* _Exercise_
Copy word for word the lines in the records below, starting at the line with "botanische Bourgogne Floral" and ending at the line with "Voom Sonic Go". Skip the pictures.

* _Extracted information_
--------------------

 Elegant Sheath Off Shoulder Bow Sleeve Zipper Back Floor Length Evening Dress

--------------------

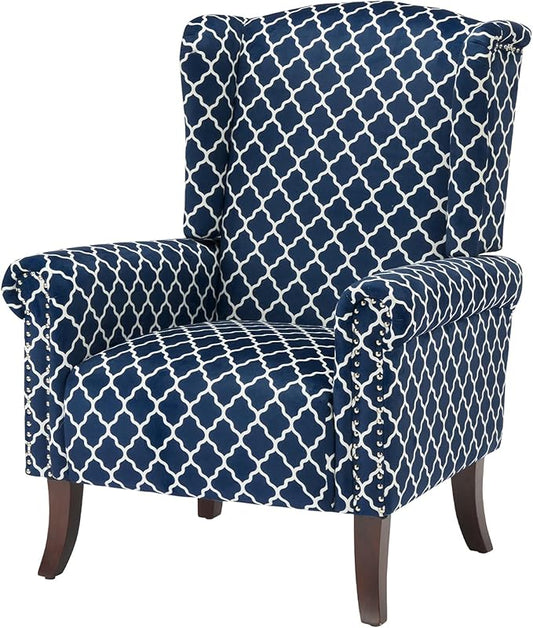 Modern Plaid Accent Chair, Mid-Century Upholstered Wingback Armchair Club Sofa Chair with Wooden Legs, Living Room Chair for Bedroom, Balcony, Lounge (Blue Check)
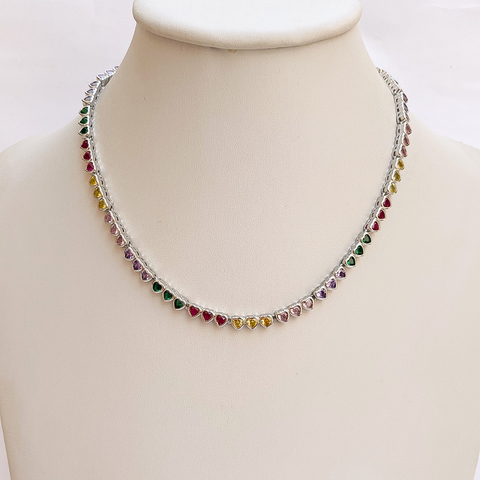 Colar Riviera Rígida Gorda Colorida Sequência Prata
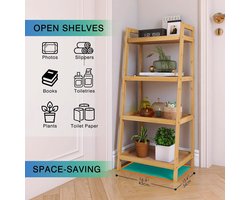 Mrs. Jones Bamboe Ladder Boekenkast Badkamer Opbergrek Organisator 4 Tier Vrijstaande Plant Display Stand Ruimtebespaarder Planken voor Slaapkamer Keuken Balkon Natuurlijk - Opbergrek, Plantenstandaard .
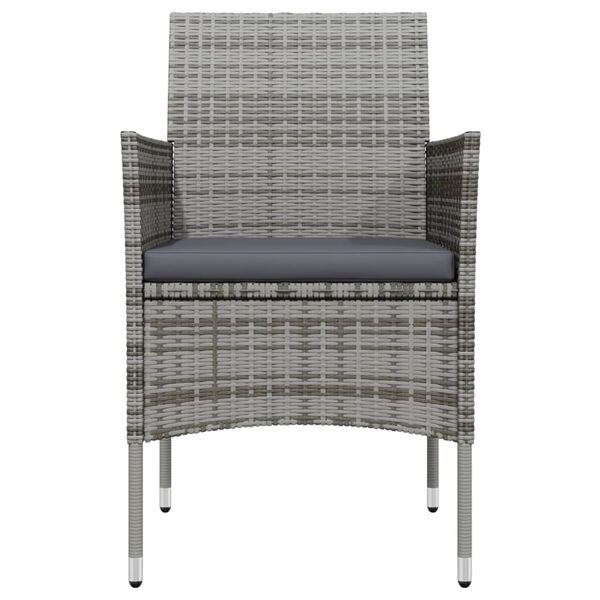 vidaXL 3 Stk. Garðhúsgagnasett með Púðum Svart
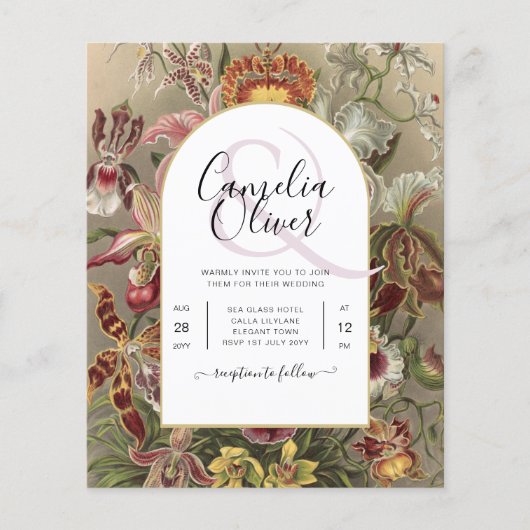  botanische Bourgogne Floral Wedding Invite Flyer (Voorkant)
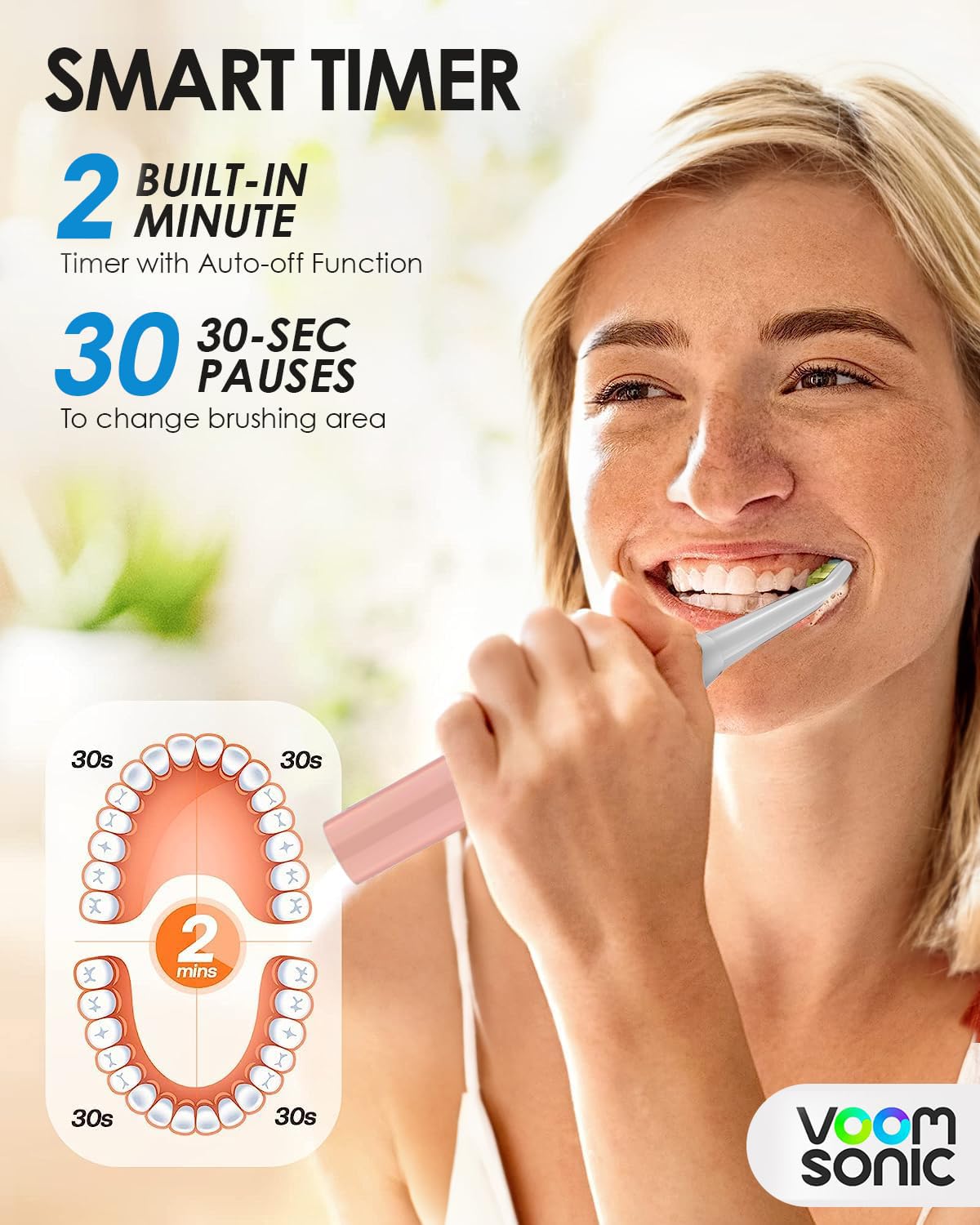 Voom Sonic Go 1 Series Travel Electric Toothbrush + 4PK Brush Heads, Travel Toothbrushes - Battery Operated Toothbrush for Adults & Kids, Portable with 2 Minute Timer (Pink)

--------------------

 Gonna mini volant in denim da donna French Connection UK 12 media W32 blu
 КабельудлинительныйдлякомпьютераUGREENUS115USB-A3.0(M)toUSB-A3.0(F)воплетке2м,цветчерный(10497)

--------------------

* _Answer for the task_
  botanische Bourgogne Floral Wedding Invite Flyer (Voorkant)
 Voom Sonic Go 1 Series Travel Electric Toothbrush + 4PK Brush Heads, Travel Toothbrushes - Battery Operated Toothbrush for Adults & Kids, Portable with 2 Minute Timer (Pink)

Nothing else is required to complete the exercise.